Which layer does the SSL certificate handshake protocol belong?

Many people are asking on what layer of the OSI model (Open Systems Interconnection Model) the protocol operates. Some people say, it is on the application layer because it is just HTTP over secure socket layer.

However, other group of people say it is presentation layer because the encryption and decryption process operate on this layer.

Nevertheless, there is some argue about it is on session layer because the protocol provides point-to-point session security.  It is indeed a difficult situation to judge each argument is valid. The OSI model is not a science, but a guideline.

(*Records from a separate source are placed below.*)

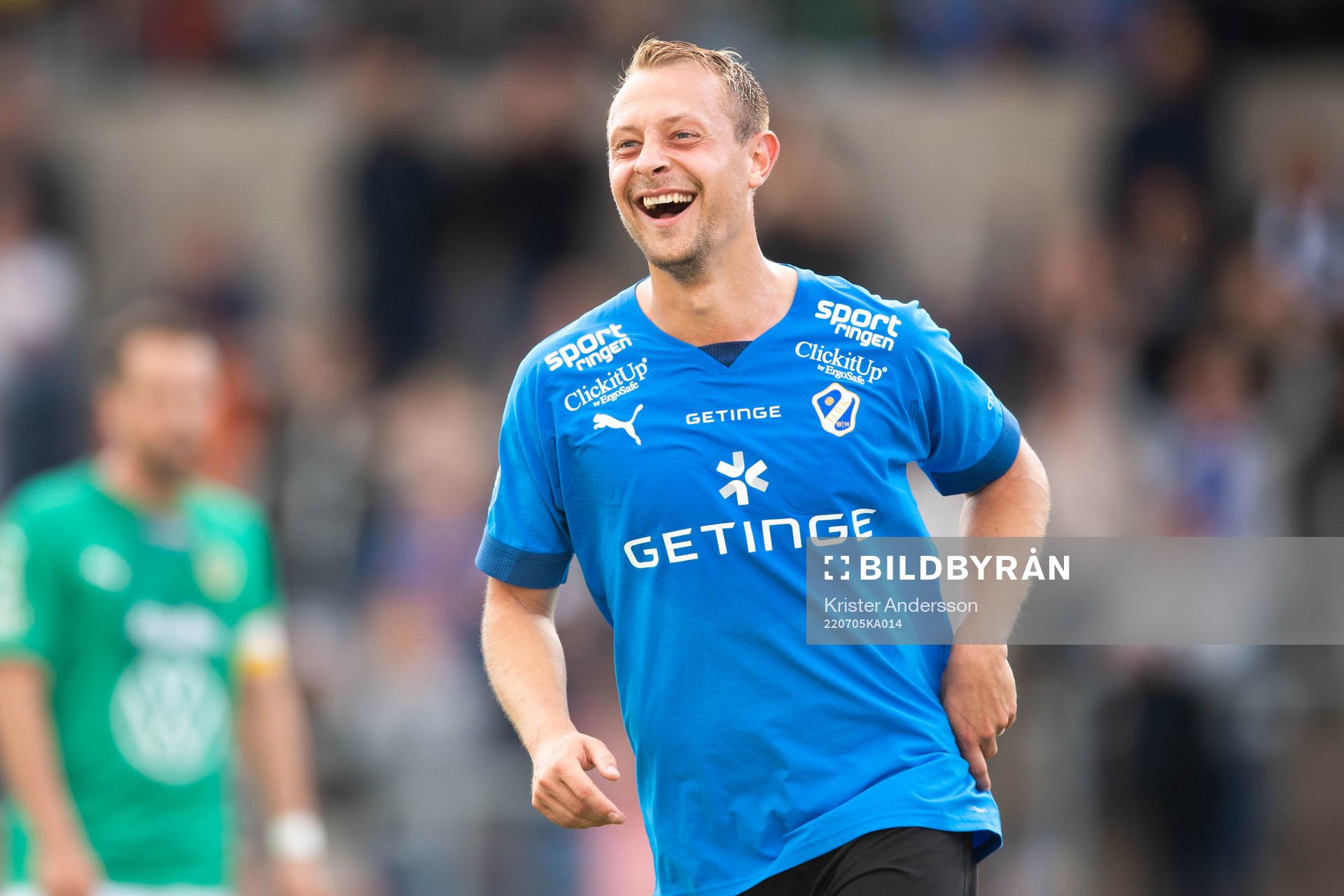 Halmstads Joel Allansson jublar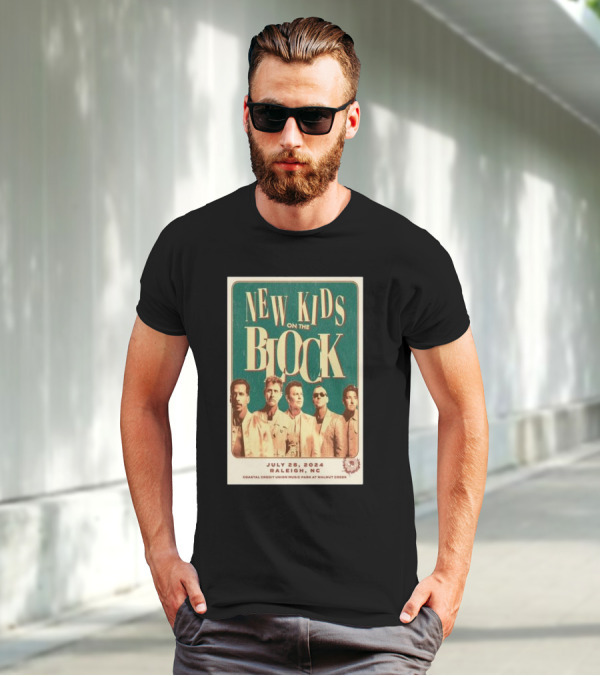 New Kids On The Block Coastal Credit Union Music Park Raleigh NC July 28 T-Shirt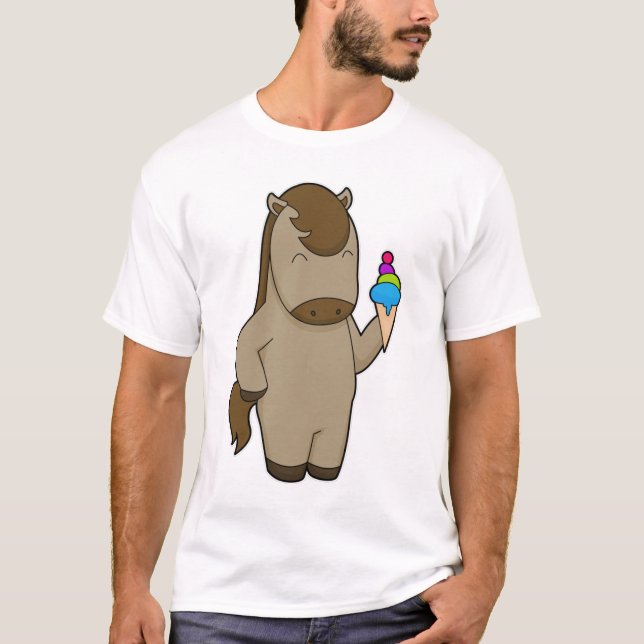 Camiseta Helado de Horse Waffle (Anverso)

The handshake protocol involved with top three layers of OSI model. If we use TCP/IP model, we can simply say the protocol belongs to application layer.

How does handshake protocol work?

Here is the process how a client and a server uses the handshake protocol to negotiate securely exchange data:

1.     The client sends a “ClientHello” message that lists information such as TLS certificate version and the cryptographic algorithms and the data compression methods supported by the client.

2.     The server responds with a “ServerHello” massage that contains cryptographic algorithms chosen by the server from the list provided by the client and the session ID. The server also sends its digital certificate and its public key.

3.     The client will contact the server’s CA and verifies the server’s digital certificate thus confirming the authenticity of the web server. This step is establishing trust on the web server.

4.     Once the client trusts the web server, the ClientKeyExchange will happen. With this step, the client sends a shared secret key. Sendinding a shared secret key is the best way that helps the continuity of conversation. The shared secret key encrypted with the server’s public key.

5.     The client sends a “Finished” message. This indicates that the client part of the handshake is complete.

6.     The server responds to the client with a “finished” message, which is an encrypted one with the secret key. This indicates that the server part of the handshake is complete. Once this handshake done, the server and client can now exchange symmetrically encrypted messages. Actually, the shared secret key encrypted those messages.

The Bottom Line

 

TLS/SSL certificate handshake protocol is one of the main processes, which helps the communication between the client and the web servers begins. The process is truly similar to the human handshake and it is the first step toward building trust between two systems. Keep in mind the server and the client can only exchange the encrypted messages if the handshake process completely done.